• _Source material_:

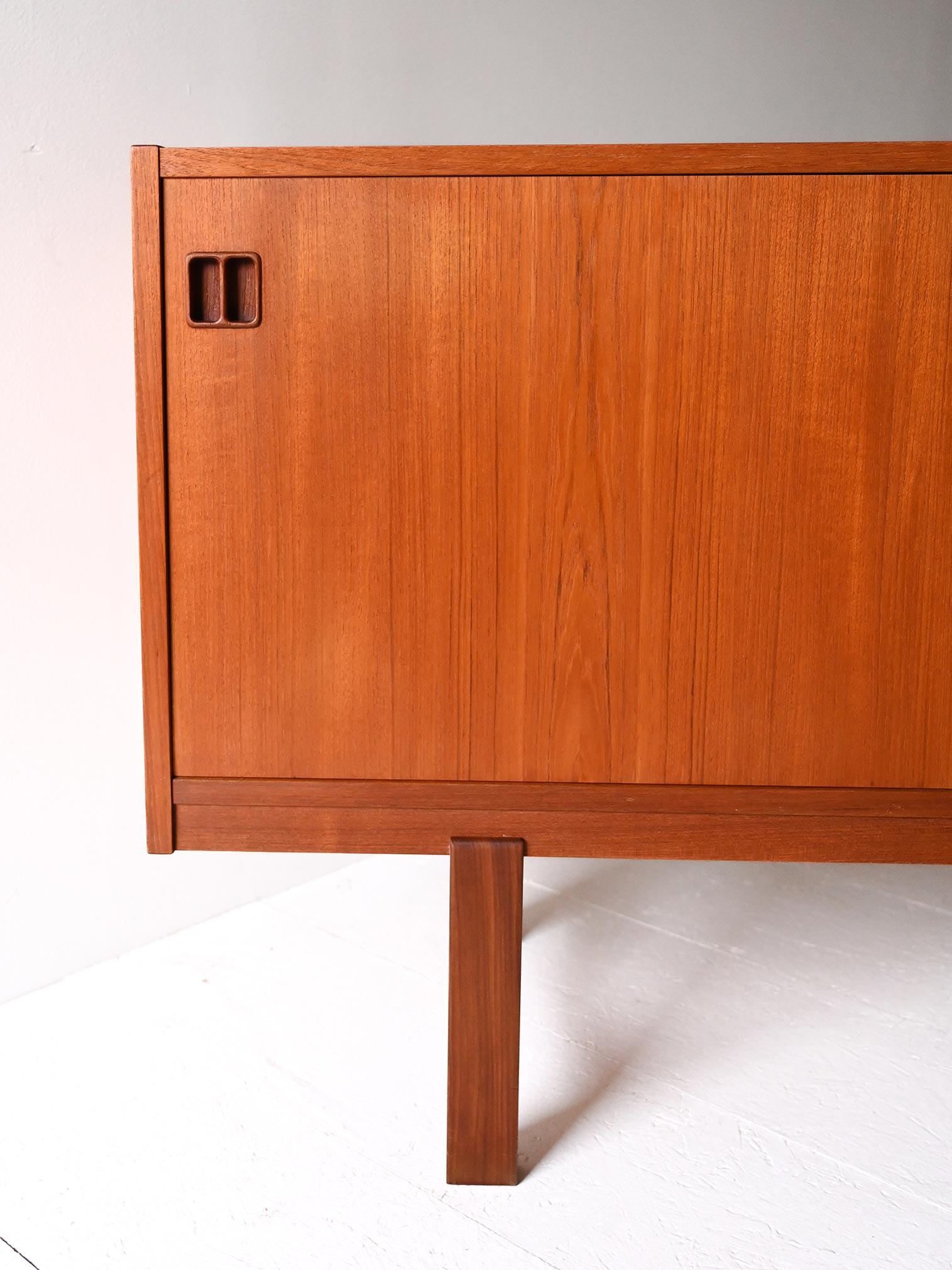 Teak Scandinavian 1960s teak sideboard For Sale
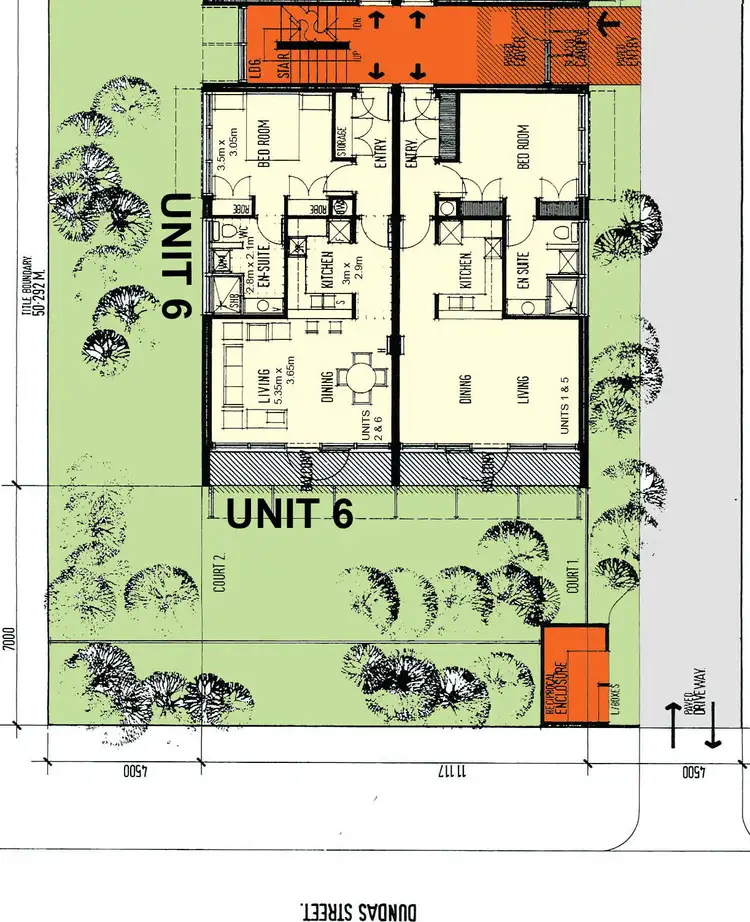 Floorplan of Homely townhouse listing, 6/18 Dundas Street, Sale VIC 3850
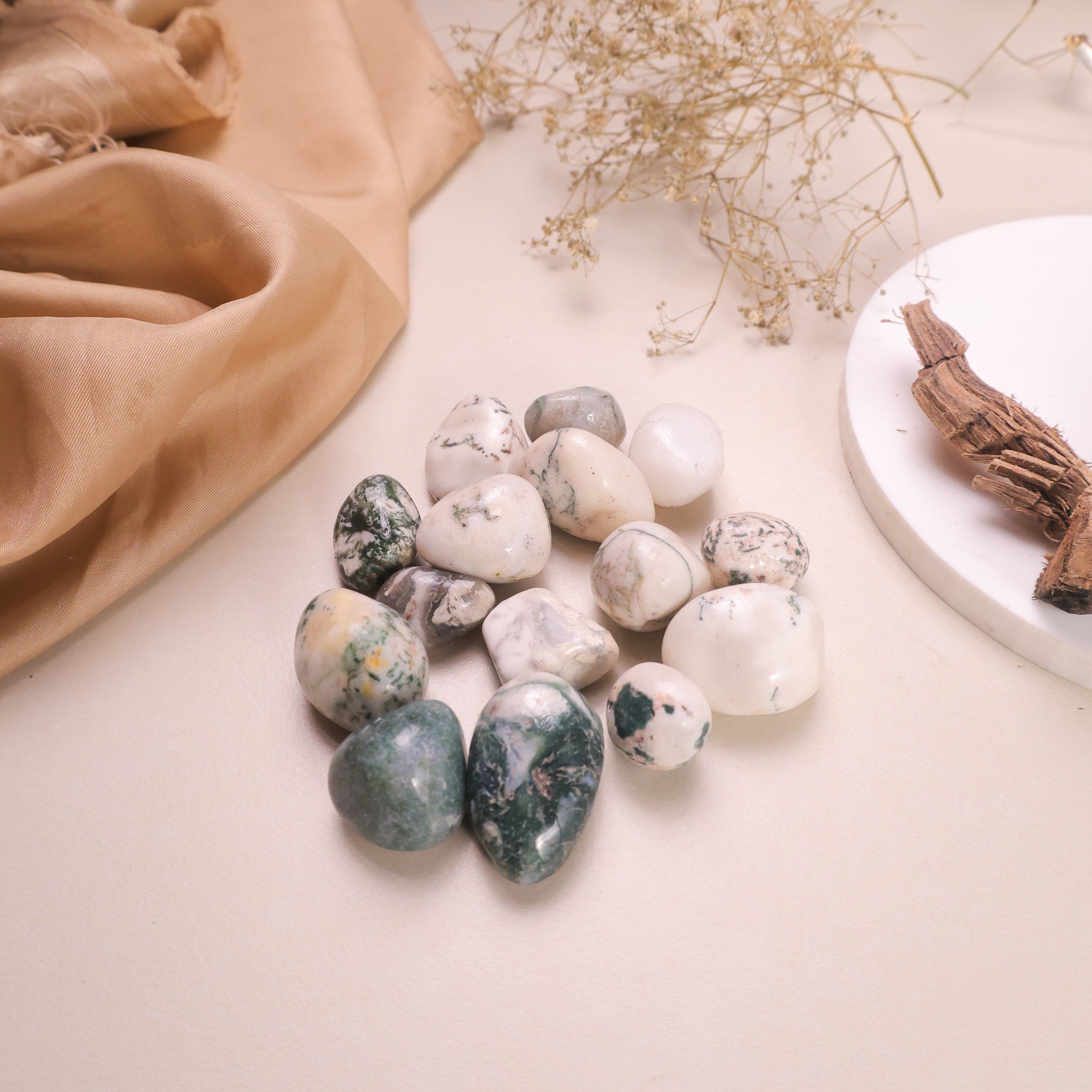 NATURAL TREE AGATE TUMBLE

• _Problem to work on_:
Send back every line of the listing exactly. Omit the images.

• _Result_:
 Teak Scandinavian 1960s teak sideboard For Sale
 Floorplan of Homely townhouse listing, 6/18 Dundas Street, Sale VIC 3850
 NATURAL TREE AGATE TUMBLE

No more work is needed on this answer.